Slaszlo and Kitty escape on the plane for Toronto, New York City and Cucamonga via Paris, as Bugs watches them go... except they find Louis on the plane working as a steward. Louis offers Kitty some tea, causing her to jump out of the aircraft in fright, seemingly without a parachute, landing in front of Bugs. They kiss, and then the parachute opens, covering them.

== Cast ==
- Greg Burson as Mr.
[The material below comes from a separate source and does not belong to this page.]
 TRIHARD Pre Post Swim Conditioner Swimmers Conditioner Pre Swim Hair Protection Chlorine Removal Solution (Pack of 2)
Bugs, Foghorn Leghorn, Captain Louis, and Airport PA Announcer
- Joe Alaskey as Sam Duck and Sylvester Slaszlo
- Bob Bergen as Usmarte and The Crusher
- Maurice LaMarche as General Pandemonium
- Tress MacNeille as Kitty

=== Cameo characters ===
- Porky Pig
- Sam Sheepdog
- Spike the Bulldog and Chester the Terrier
- Granny
- Pete Puma
- Beaky Buzzard
- Giovanni Jones
- Elmer Fudd
- Rocky and Mugsy
- Gossamer
- Barnyard Dawg
- Miss Prissy
- The Crusher

==Production notes==
Unlike the previous modern Looney Tunes shorts, this short was not made by the Greg Ford/Terry Lennon team nor Chuck Jones Film Productions. It was produced by the Animaniacs writing team at Warner Bros. Feature Animation. Carrotblanca was the only Looney Tunes short produced by that group of writers and the Feature Animation division. The idea for the short came to be when Timothy Cahill and Julie McNally saw a 50th anniversary screening of Casablanca. The company that they worked for had the license to make Looney Tunes merchandise. They pitched the idea of the Looney Tunes characters doing a parody of Casablanca to the executives of Warner Bros. at the time, Bob Daly and Terry Semel. They were interested, and the short became the first Warner Bros. project that Cahill and McNally ever worked for writing and producing it. They worked with director Douglas McCarthy and composer Richard Stone, and as time passed, the project went from a TV special to an 8-minute short. Voices were provided by Greg Burson, Joe Alaskey, Maurice LaMarche, Bob Bergen, and Tress MacNeille. The short was animated by Tony Cervone, Shawn Keller, Harry Sabin, Jeff Siergey, David S. Smith, Bill Snelgrove, Bill Waldman, Nelson Recinos, Phil Cummings, Bill Knoll, Kathleen Mauro, Doug Bombardier, Myung Miller, Ivan Camilli, Bill Mimms, Ed Gabriel, Herb Moore, George Goodchild, Myung Nam, David Hancock, Doug Ninneman, Mary Hanley, David Recinos, Sandy Henkin, Joe Roman, Myung Kang, Rodeny Tirey, Miyul Lee, and Elyse Whittaker.

The short involves nearly all the major Looney Tunes characters in roles from the film, including Bugs Bunny as Mr. Bugs, Daffy Duck as Sam Duck, Yosemite Sam as General Pandemonium, Tweety as Usmarte, Sylvester as Sylvester Slazo, Penelope Pussycat as Kitty (this short marks Penelope's first speaking role), and Pepé Le Pew as Captain Louis. Some characters use their real names, others the names of the characters in the original film, or parodic versions. Several minor Looney Tunes characters can be seen in the background (such as Pete Puma as a waiter wearing a kaftan and fez, Giovanni Jones and The Crusher as the maitre d' and doorman, Gossamer as a customer at a table, and Sam Sheepdog as General Pandemonium's driver assistant). Porky Pig was planned to have a speaking role in the short, but it was cut.

== Reception ==
Common Sense Media rated it 5 out of 5 stars.

== Home media ==
It was released on the DVD set "The Essential Bugs Bunny", as well as the special edition of Casablanca. It was later released on the Looney Tunes Parodies Collection DVD.

It is also a special feature on all HD DVD and Blu-ray releases of Casablanca, including the Blu-ray in its Ultra HD Blu-ray release. On some Blu-rays (including with the Ultra HD Blu-ray), it is at the end of the "Additional Footage" sub-menu in "Special Features", but in DVD quality.